Regulators are trying to regulate financial institutions more as the financial crisis continues to loom over the world. This has led to an increase in staff burden and the need to adhere to legislation.
Many financial institutions are losing their way in managing business risks, particularly as they produce more paperwork to please the legislators.
Risk management is often seen as a hindrance to business growth rather than an aide.
When we return to the first principles, we can see that Risk Management was created in order:
- Protect your business
- Protect shareholders
- Protect the public
If one can recognize the risks before they materialize and put in place safeguards, it is prudent in every business.
If you look at a typical sales process, you might be able to identify potential risks regarding client retention and customer satisfaction. As a measure, we can establish metrics about customer complaints. Your risk appetite might be between 70 and 100 complaints per month from customers.
The customer complaints that exceed 100 could be investigated. If this happens, then the appropriate action can be taken. If the number of complaints falls below 70, it could indicate a decline in sales or a lack of reporting. Suitable measures could be taken to remedy this.
While profits can fluctuate, every company must take care of its shareholders in order to maximize their return on investment.
Accountability for errors and omissions must be established in order to achieve this. Herein lies the problem. Risk Management has a blame culture.
The Operational Manager will blame the operational staff for failing to report accurately.
The Group Risk Manager will accuse the Risk Manager of not integrating the Risk Management framework into the business.
The Head of risk will accuse the Group Manager of not conducting audits and checks.
The Head of Risk will be blamed by the Chief Risk Officer for failing to put in safeguards to manage the company’s risk appetite.
The CEO will blame Chief Risk Officer, but he’ll just say that it’s not mine to do.
Anything that is related to computer hardware and software gets blamed on the IT department.
It’s almost like a children’s book, but it’s far too true!
As I said earlier in this article, “To have a useful framework for risk management there must be accountability.” But accountability does not mean to blaming others.
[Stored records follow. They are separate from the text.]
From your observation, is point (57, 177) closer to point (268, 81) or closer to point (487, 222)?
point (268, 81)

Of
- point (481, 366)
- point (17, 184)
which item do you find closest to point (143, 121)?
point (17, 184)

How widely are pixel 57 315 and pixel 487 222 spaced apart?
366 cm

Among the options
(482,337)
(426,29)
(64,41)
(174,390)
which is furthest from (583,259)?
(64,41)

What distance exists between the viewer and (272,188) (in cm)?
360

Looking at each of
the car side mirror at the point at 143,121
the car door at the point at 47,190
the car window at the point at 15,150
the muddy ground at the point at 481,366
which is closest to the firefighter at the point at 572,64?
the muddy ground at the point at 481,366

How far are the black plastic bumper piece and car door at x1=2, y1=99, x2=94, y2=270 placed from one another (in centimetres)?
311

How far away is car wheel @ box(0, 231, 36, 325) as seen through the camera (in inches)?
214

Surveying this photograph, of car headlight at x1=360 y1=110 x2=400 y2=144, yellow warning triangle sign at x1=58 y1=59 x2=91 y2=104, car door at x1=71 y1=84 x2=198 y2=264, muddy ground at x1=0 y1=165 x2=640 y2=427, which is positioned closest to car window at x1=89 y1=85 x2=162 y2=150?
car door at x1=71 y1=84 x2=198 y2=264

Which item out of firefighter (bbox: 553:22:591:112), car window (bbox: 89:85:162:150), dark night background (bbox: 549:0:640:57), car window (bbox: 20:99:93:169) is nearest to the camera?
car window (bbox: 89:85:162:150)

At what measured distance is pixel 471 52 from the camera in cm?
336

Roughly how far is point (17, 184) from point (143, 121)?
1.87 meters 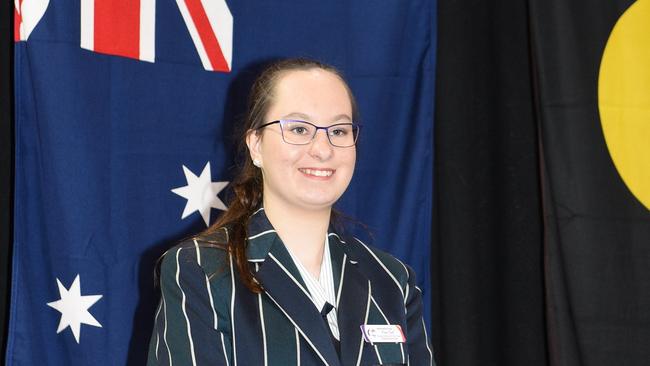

This is about accountability for correcting mistakes, malpractices, and non-adherence with policies and procedures.
The possibility of non reporting is possible if accountability lies with the person who failed to follow the procedure. Companies such as Enron and Worldcom, Andersons, The Royal Bank of Scotland are often mentioned in the media. This undermines public trust in large-scale regulatory practices.
To move beyond the blame culture, the Risk Department must be broken up into sections. At a minimum, it should include the following:
- Section for Risk Audit: Responsible for finding problem areas or hotspots within the framework of risk. This is done through a series if Risk Audits. This section should report directly into the Head of Internal Audit. The Head of Internal Audit should also be independent of the risk function.
- Section Risk Management Reporting: Production of weekly, fortnightly and monthly reports. Management Information and reports.
- Risk Management Policy and Procedures : This person is responsible for ensuring that an organisation learns from its mistakes and ensures that policies, procedures and controls are in place to prevent similar mistakes from happening again.
When possible, risk professionals should be multi-disciplinary specialists. Information Technology and Risk Management. Finance/Accounts and Risk Management. Or any other combination that could be helpful to the business. You can trust me when I say that I have experience as a Chartered Tax Advisor; a Risk Management Professional; an IT specialist and NLP Master Coach, as well as a certified trainer.
Cross-skilled Risk Managers are an asset to any organization because they can both understand the technical language and the internal workings within the departments or areas they specialize in. This allows for fewer errors and mistakes when departments need to communicate with one another and when passing work off to other departments. Organisations can also benefit from a well-run meeting.
Additionally, if all departments, from the CEO to ground zero, could communicate with their subordinates, peers, and executives using language that is free from blame culture, this would allow Risk Professionals to work effectively towards reducing Risk instead of hiding from making mistakes.
Effective communication at all levels, as well as accountability for future actions, will increase confidence in Risk Management.